¿Estaba pronosticado lluvia aquel día? No lo sé. No existían los celulares en aquel momento. Mis zapatos calzaban mis 14 años. Me gustaría poder olvidarlo todo.
Era un campo, o una quinta. Un espacio al aire libre. El cumpleaños de 15 de mi compañera de secundaria debía ser alegre, pero a mí siempre me costó socializar, por lo que me escondía en algún espacio alejado cada tanto, para tomar coraje y resistir el tiempo que durara la velada.
Mi memoria se vuelve una trampa cuando intento poner en palabras. Es como una puerta cerrada en los confines del pensamiento. Se me rehúsa el lenguaje, la palabra dicha, las emociones que desencadena el volver a exprimir ese viejo y gris espacio.
Había un quincho, una cancha enorme de futbol con sus arcos blancos. Un Metegol, también mesa de ping-pong. Cosas que no son usuales en este tipo de fiesta que te piden elegante sport y te obliga a comer un horrible catering barato. Si quisiera al menos visualizar qué hubo en aquella mesa dulce o si existió alguna torta.
Recuerdo las luces de la ambulancia. La voz de un policía dirigiéndose a mi papá pidiendo que no estacionara por mucho tiempo el auto. Preguntando si era para retirar a una persona, que debía aguardar a que dieran el ok.

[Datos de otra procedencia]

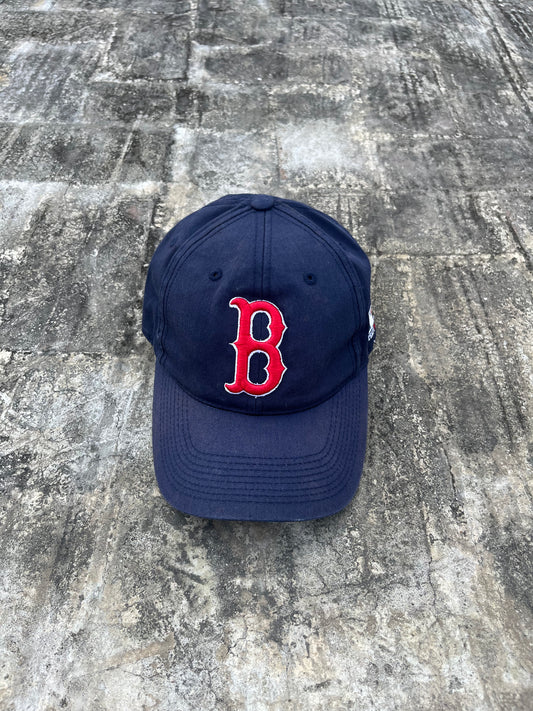90s Boston Red Sox Team MLB Cap by Outdoor Cap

Recuerdo las corridas hacia el pequeño techo del quincho que lucia como una casa antigua de paredes pesadas. Recostarme contra la pared, o la puerta abierta de color tan rojo vencido. Alguien gritó. Lo percibí por su boca abierta, por su mueca gigante y distorsionada. Para ese entonces mis oídos dolían y mis ojos mantenían un blanco turbio. Mi corazón se agitaba como un árbol desnudo de hojas.
No sé cuantos de mis compañeros estaban corriendo la pelota, ni como se formaron los equipos o si hubo tiempo de alegría en ese pasto alto y dibujado.
Quisiera olvidarlo todo. Por eso, la claridad con que podría dar en contar como una anécdota de mi juventud, carece de certezas. Mis manos tiemblan frente a lo reprimido.
Uno de mis amigos era el que tenía la pelota más cerca y que sonreía con toda la vida del mundo. A él, solo a él fue quien perdí. El rayo que hizo mover la tierra. El infinito tiempo que se tomó para dejarlo en migajas se grabó en mis ojos. Un terror ciego y crudo.
Nunca sentí las gotas. Llovía. Mi cuerpo no estaba para sentir nada. No pude ser valiente. No volví a mirar atrás. Las tormentas, cuando son eléctricas y el cielo se prende, recuerda mi fragilidad.
Dictaminaron una semana de clases por duelo. Alguien dijo que no quedo ningún cuerpo que enterrar.